On a fêté hier le 100ème 49.3 dans l’histoire de la Vème République. Mais cette fois, c’est particulièrement mal passé puisqu’il s’agissait de la réforme des retraites.
Contexte : Après avoir passé tous les obstacles, le projet de loi de la réforme des retraites devait être soumis à un vote à l’Assemblée nationale ce jeudi. Mais le gouvernement a commencé à douter de sa capacité à remporter ce vote et c’est là qu’est entré en jeu l’arme favorite d’E. Borne : le 49.3, qu’elle a utilisé hier pour la 11ème fois en 10 mois et qui permet de faire adopter un projet de loi sans procéder au vote de l’Assemblée.
Pourquoi ce forcing ? « Je considère qu’en l’état, les risques financiers, économiques sont trop grands. » a déclaré E. Macron pour justifier l’utilisation du 49.3. Pour rappel, le gouvernement estime que la réforme du système de retraite est nécessaire pour le maintenir en vie. Le déficit annuel du système est estimé à 10 milliards d’euros chaque année entre 2022 et 2032, selon le Conseil d’orientation des retraites (COR).
Ce dont on ne parle pas : Le président a cité “les risques financiers, économiques” et il parle là essentiellement des agences de notation. Pour rappel, les trois principales agences de notation Moody’s, S&P, et Fitch donnent aux investisseurs des informations qui les aident à déterminer la santé financière d’un État.
Pourquoi ? Les États fonctionnent grâce à la dette, et cette dette est contractée grâce aux ventes de titres d’obligations. En clair, si on achète un titre d’obligation français, on prête de l’argent à l’État et en contrepartie, il nous verse chaque année des intérêts et nous rembourse la somme prêtée au terme du placement.
Pour que les investisseurs continuent d’acheter ces obligations, l’Etat doit rassurer les agences de notation qui, à leur tour, rassurent les investisseurs. Plus la note d’un État est élevée, plus le taux d’intérêt de son obligation est faible et vice versa. En clair, une note élevée permet à la France de s’endetter à moindre coût. Et cette réforme qui passe, c’est un signe qui rassure les agences puisque c’est un signe que la France ne fait pas la technique de l’autruche face à son déficit public.
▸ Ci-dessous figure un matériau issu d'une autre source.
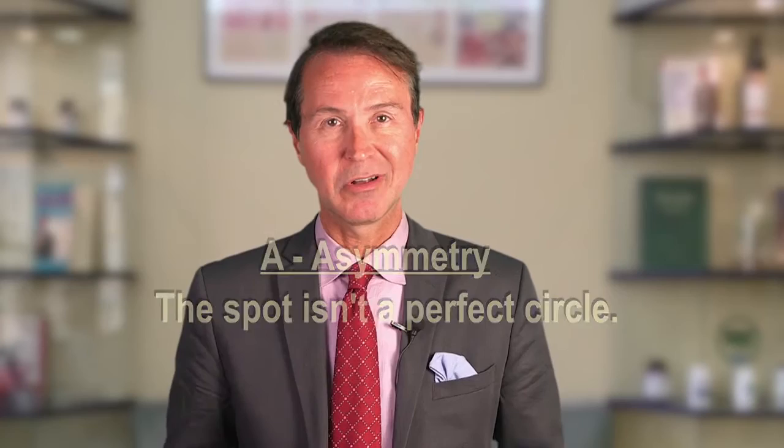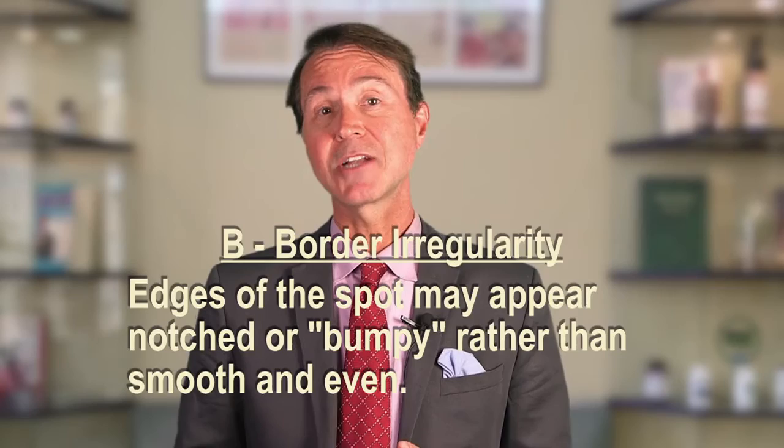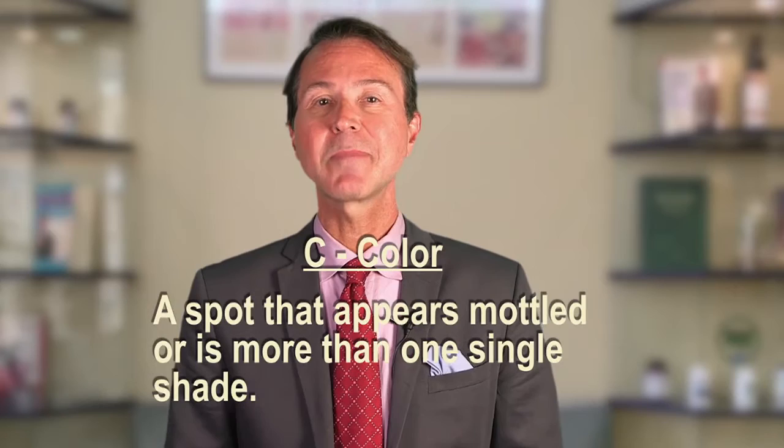A: Asymmetry — the spot isn't a perfect circle. B: Border irregularity — edges of the spot may appear notched or bumpy rather than smooth and even. C: Color — a spot that appears mottled or is more than one single shade.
Problème : L’agence Moody’s a confirmé sa note “Aa2” (3ème échelon) de la dette française, mais l’agence S&P n’exclut pas d’abaisser la sienne à cause du ralentissement de l’économie française et de la dégradation des finances publiques du pays. En décembre dernier, Moody’s a ajouté qu’elle maintenait justement cette note pour souligner les efforts engagés par la France pour réformer le système des retraites…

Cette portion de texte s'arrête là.